Studio album by Matthews Southern Comfort
- Released: July 1970
- Recorded: 1970
- Genre: Folk rock, country rock
- Length: 38:19
- Label: Vinyl: Uni (Europe), Decca (US) CD: Line / BGO
- Producer: Ian Matthews

Matthews Southern Comfort chronology
| Matthews' Southern Comfort (1970) | Second Spring (1970) | Later That Same Year (1970) |

= Second Spring =

Second Spring is the first album by country rock/folk rock musician Ian Matthews' band Matthews Southern Comfort, released on the Uni label in July 1970. It was Matthews' second album after his departure from Fairport Convention and was recorded with the touring band he put together following the release of his first solo LP, Matthews' Southern Comfort.

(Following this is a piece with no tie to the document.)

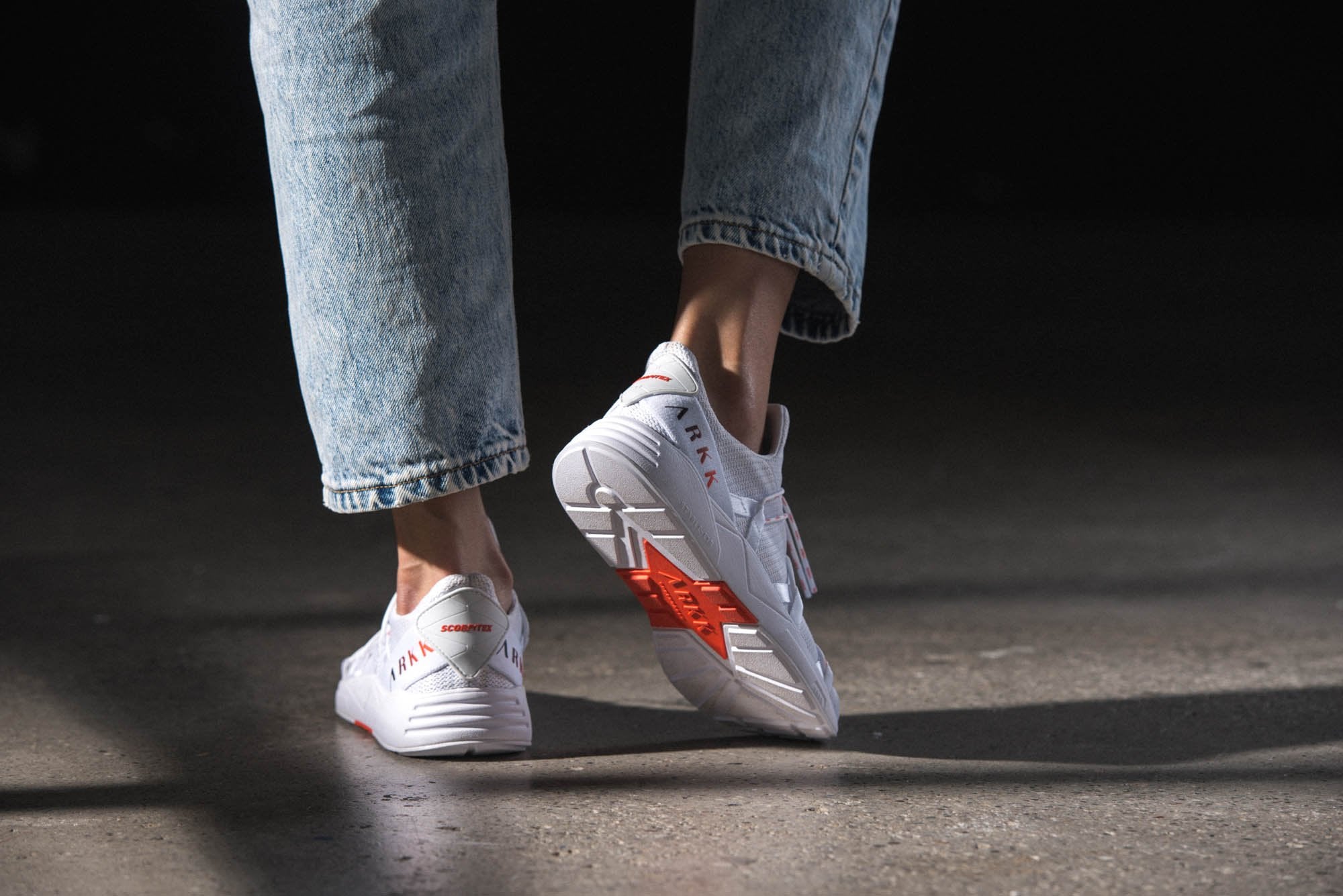 ARKK Copenhagen - Superior Line Scorpitex S-E15 White Bright Red - Women Scorpitex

The original vinyl album was reissued on CD by Line Records in Germany in 1993, and a remastered version was released by BGO Records in 1996 as part of a 2-on-1 release with Matthews' Southern Comfort.

Professional ratings
Review scores
| Source | Rating |
| AllMusic | Star |
| Christgau's Record Guide | C |

==Track listing==
1. "Ballad of Obray Ramsey" (Ian Matthews) – 2:25
2. "Moses in the Sunshine" (Carl Barnwell) – 6:18
3. "Jinkson Johnson" (Ian Matthews) – 5:29
4. "Tale of the Trial" (Ian Matthews) – 2:42
5. "Blood Red Roses" (Ian Matthews) – 2:27
6. "Even As" (Carl Barnwell) – 2:49
7. "Darcy Farrow" (Tom Campbell, Steve Gillette) – 3:34
8. "Something in the Way She Moves" (James Taylor) – 4:48
9. "Southern Comfort" (Sylvia Tyson) – 7:47

==Personnel==
- Ian Matthews – guitar, lead vocals, arranger
- Carl Barnwell – guitar, harmony vocals, lead vocal on "Even As"
- Mark Griffiths – lead guitar, harmony vocals
- Andy Leigh – bass, harmony vocals
- Gordon Huntley – steel guitar
- Ray Duffy – drums

Guest Musicians
- Tom Paley – banjo
- Martin Jenkins – mandolin
- Roger Churchyard – violin, fiddle
- Byard Ray – fiddle

Production
- Production: Ian Matthews and Southern Comfort
- Production Coordinator: Steve Barlby
- Recording Engineers: Robin Black at Morgan Studios, London on tracks 1, 2, 4, 5, 6 and 9; John Wood at Sound Techniques Studios, London, on tracks 3, 7 and 8.